Non richiamerò in questa nota i miei studi sul diritto di resistenza (per cui basterebbe citare molte Costituzioni degli Stati della Federazione U.S.A.), né sul tirannicidio, che probabilmente mi sono costati cari in gioventù, ed anche per questo recentemente rieditate; nemmeno varrebbe la mia alta considerazione, dal punto di vista storico, di Robespierre, compresa, per contrappasso, la sua fine fisica, ma anche dei Giacobini, nella formazione dello Stato borghese di diritto, semplicemente poiché l’argomento e il soggetto di cui riferirò non ne sono degni anche se, immagino, quest’ultimo non saprebbe assolutamente di che si discorre.

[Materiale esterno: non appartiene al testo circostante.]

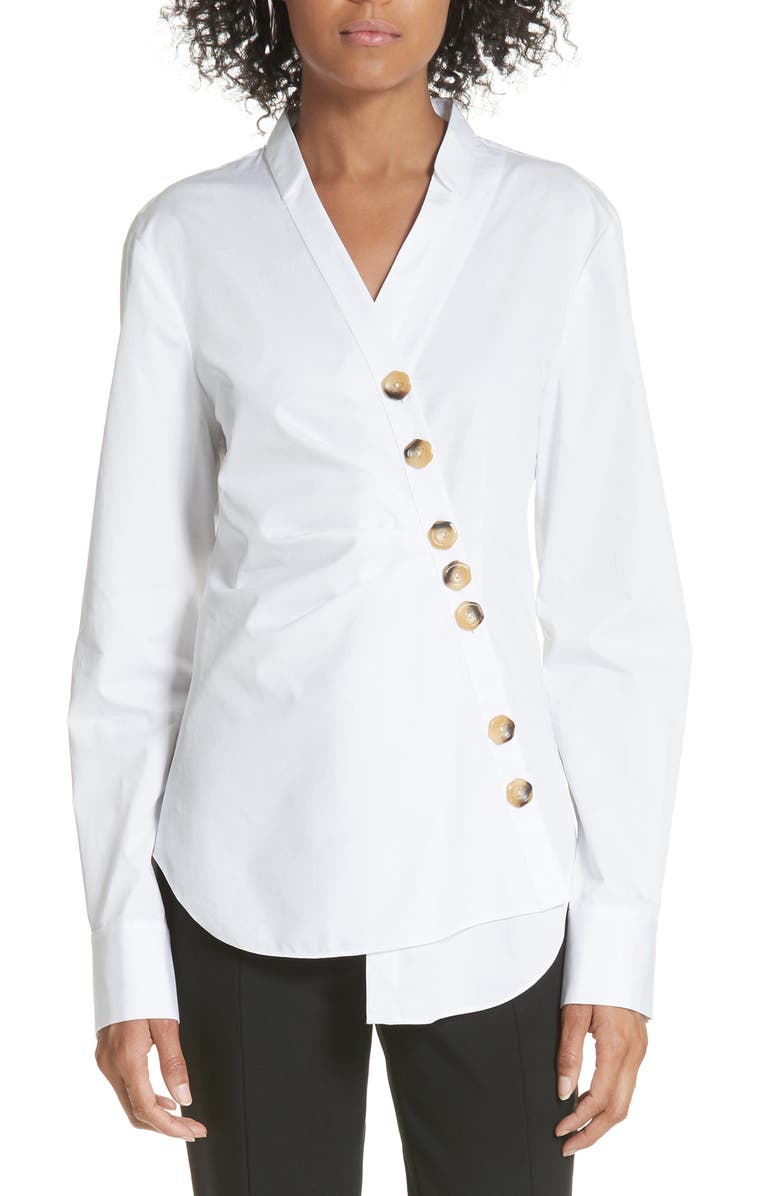 Tibi Asymmetrical Large Button Top, Main, color,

Si noti, tra l’altro, che nella storia degli Stati Uniti hanno perso la vita in modo violento Abramo Lincoln, John Kennedy, Robert Kennedy, Martin Luther King, che non erano certo, si fa per dire, dei “tiranni” o degli estremisti di destra. E taccio su ciò che penso da sempre sulle responsabilità delle istituzioni statali, al di là delle ricostruzioni ufficiali, come potrei dire se ne avessi voglia.

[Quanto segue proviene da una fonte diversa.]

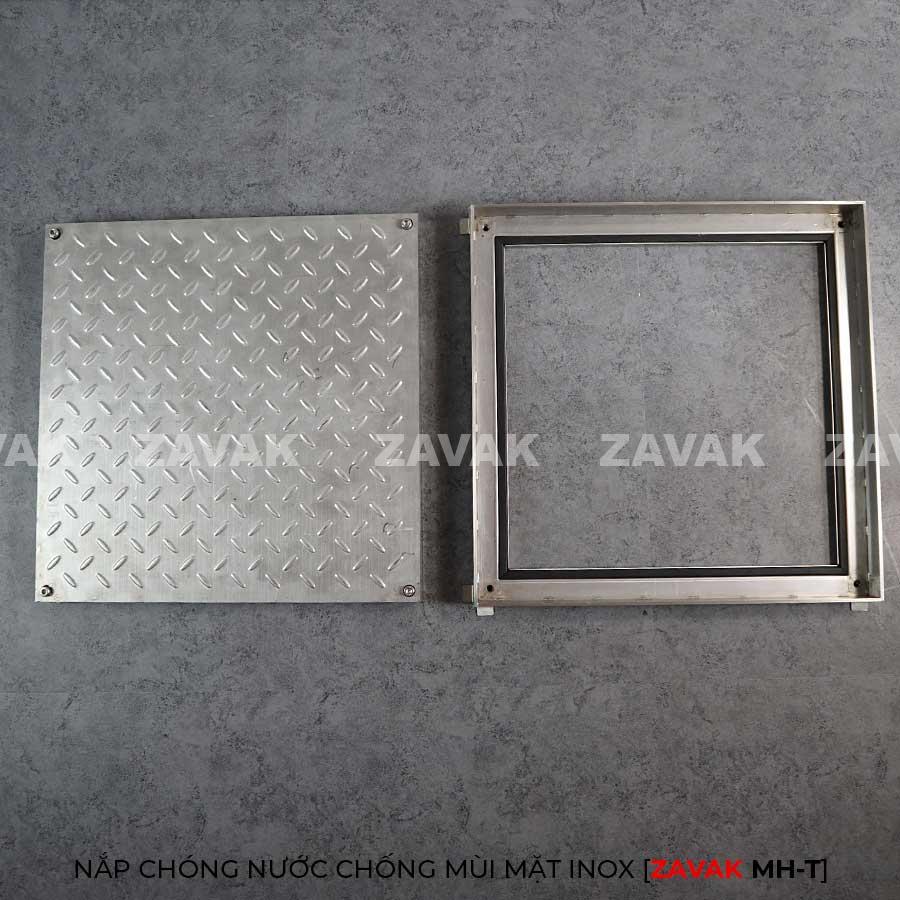 Nắp bể inox chống trượt MH-T60 4 Nắp âm sàn nắp thăm bể ngầm inox chống nước chống mùi mặt inox 304 nhám chống trượt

Né mi interessa la imago mortis del costituzionalismo negli Stati Uniti, per quattro anni in default, che probabilmente sarà presto ripristinato, assieme alle regole dello Stato di diritto. Anche perché, sbagliando, gli Stati Uniti sono stati considerati un modello di democrazia costituzionale. E, tuttavia, non è tipica del sistema nordamericano l’elezione di un uomo che fa della cattiveria – di cui parla in alcune registrazioni pubblicate dal Washington Post anche la sorella: «… crudele, bugiardo, privo di principi e pertanto “inaffidabile”») – la sua cifra; che non governa la complessità con il rispetto degli altri, ma con la durezza egocentrica che non tiene conto della competenza persino umile che richiede il governo. Un uomo al comando, per caso dico, alla guida della prima (o seconda?) potenza mondiale, carico della consapevolezza di essere un tycoon (con tutto quel che segue) e della sua mancata e non voluta conoscenza dei modi di esercizio del potere politico-costituzionale, non political correct e senza mai un gesto positivo, anche ipocrita. Solo una smorfia con la bocca e gesti ripetuti e prevedibilmente ripetitivi.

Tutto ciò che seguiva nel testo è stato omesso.